- [Given data]:
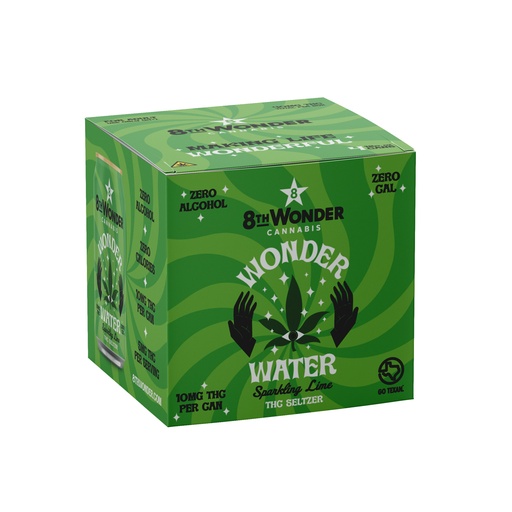 [B09Ww0008- 4] Wonder Water Lime THC Seltzer - 10mg (4-Pack)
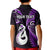 Personalised New Zealand Kid Polo Shirt Aotearoa Silver Fern With Manaia Maori Unique Purple LT14 - Polynesian Pride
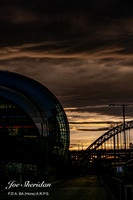 Newcastle Quayside Sunset Colour Versions 19.02.23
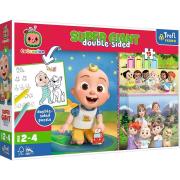 Opakowanie Puzzle 15 Giant Cocomelon TREFL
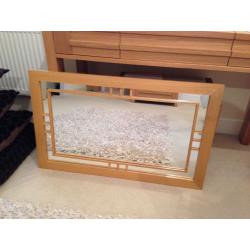 Oak Mirror - Immaculate Condition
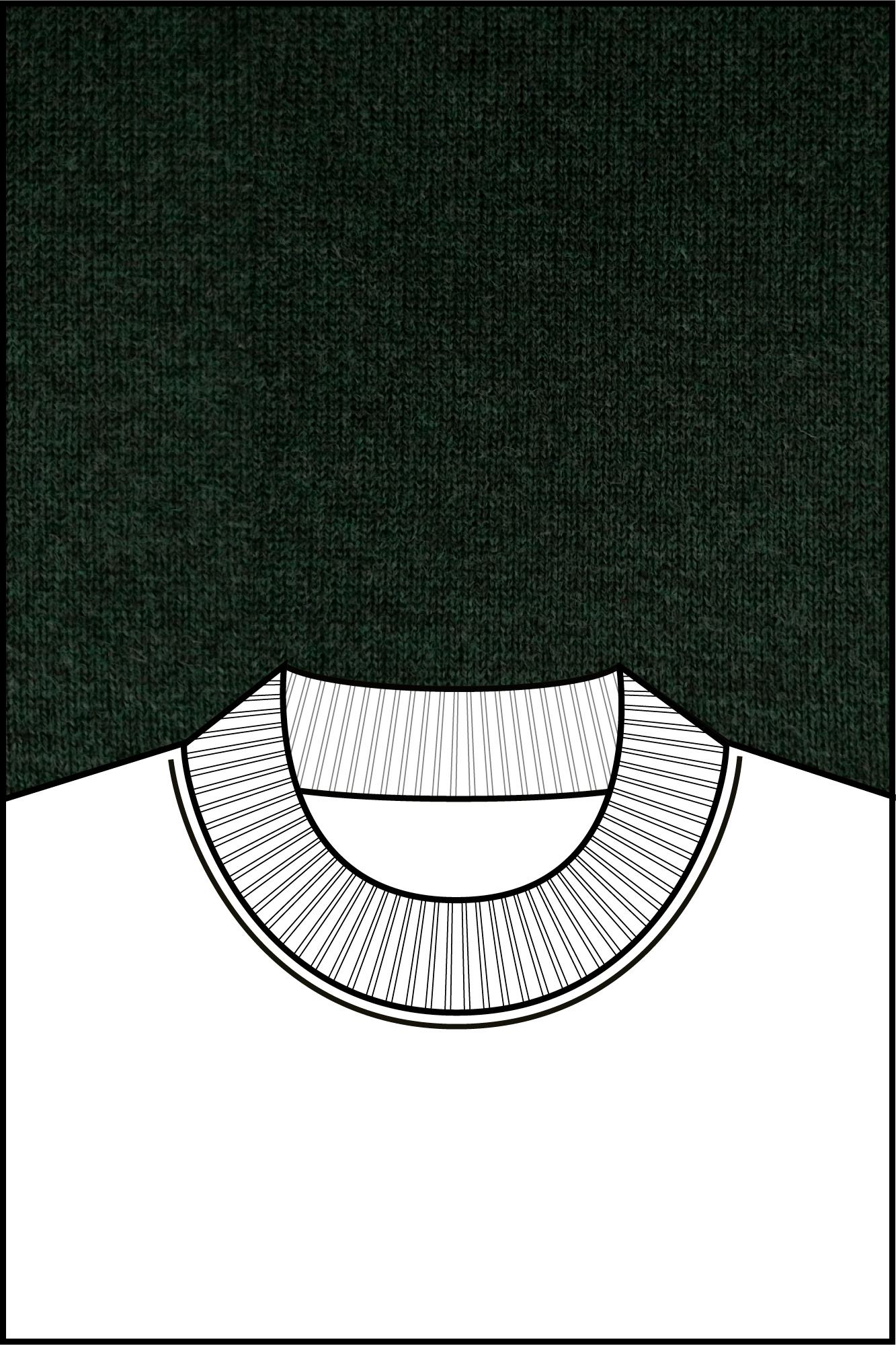 Baileys Turtle neck Groen Turtle Neck Pullover  Pima Co 528600/795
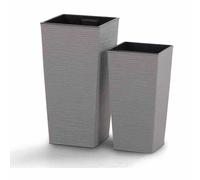 Siena Garden Blumentopf Rectangulaire 2 Pièces Gris, Pot pour Plantes, Jardin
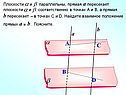 Найдите взаимное положение прямых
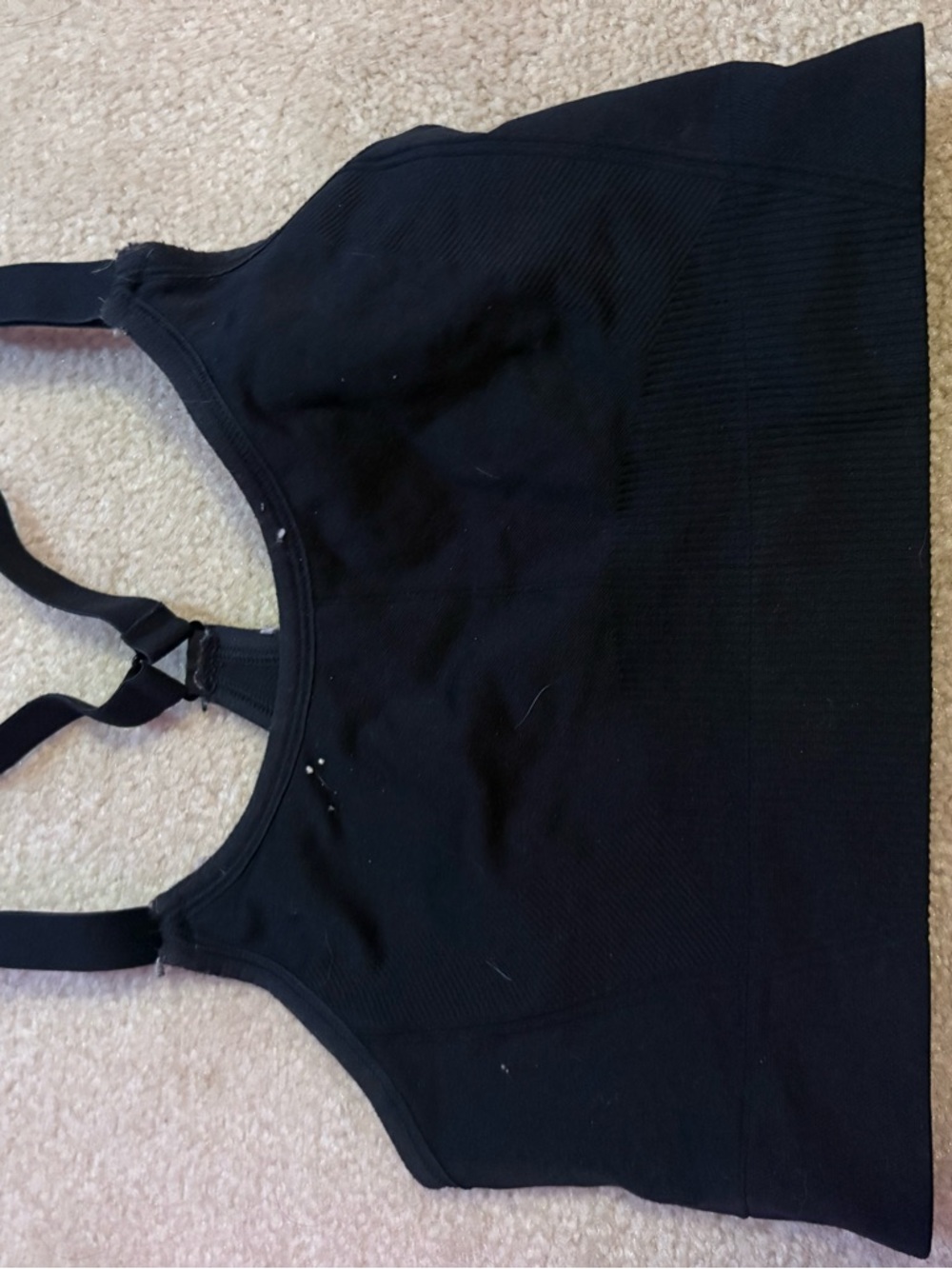 all in motion Black Seamless Sports Bra Tank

- [Work to complete]:
Repeat only the lines from the one holding "Personalised New Zealand" through the last line of the data, inclusive. Keep the pictures out.

- [Answer space]:
 Personalised New Zealand Kid Polo Shirt Aotearoa Silver Fern With Manaia Maori Unique Purple LT14 - Polynesian Pride
 Newcastle Quayside Sunset Colour Versions 19.02.23
 Opakowanie Puzzle 15 Giant Cocomelon TREFL
 Oak Mirror - Immaculate Condition
 Baileys Turtle neck Groen Turtle Neck Pullover  Pima Co 528600/795
 Siena Garden Blumentopf Rectangulaire 2 Pièces Gris, Pot pour Plantes, Jardin
 Найдите взаимное положение прямых
 all in motion Black Seamless Sports Bra Tank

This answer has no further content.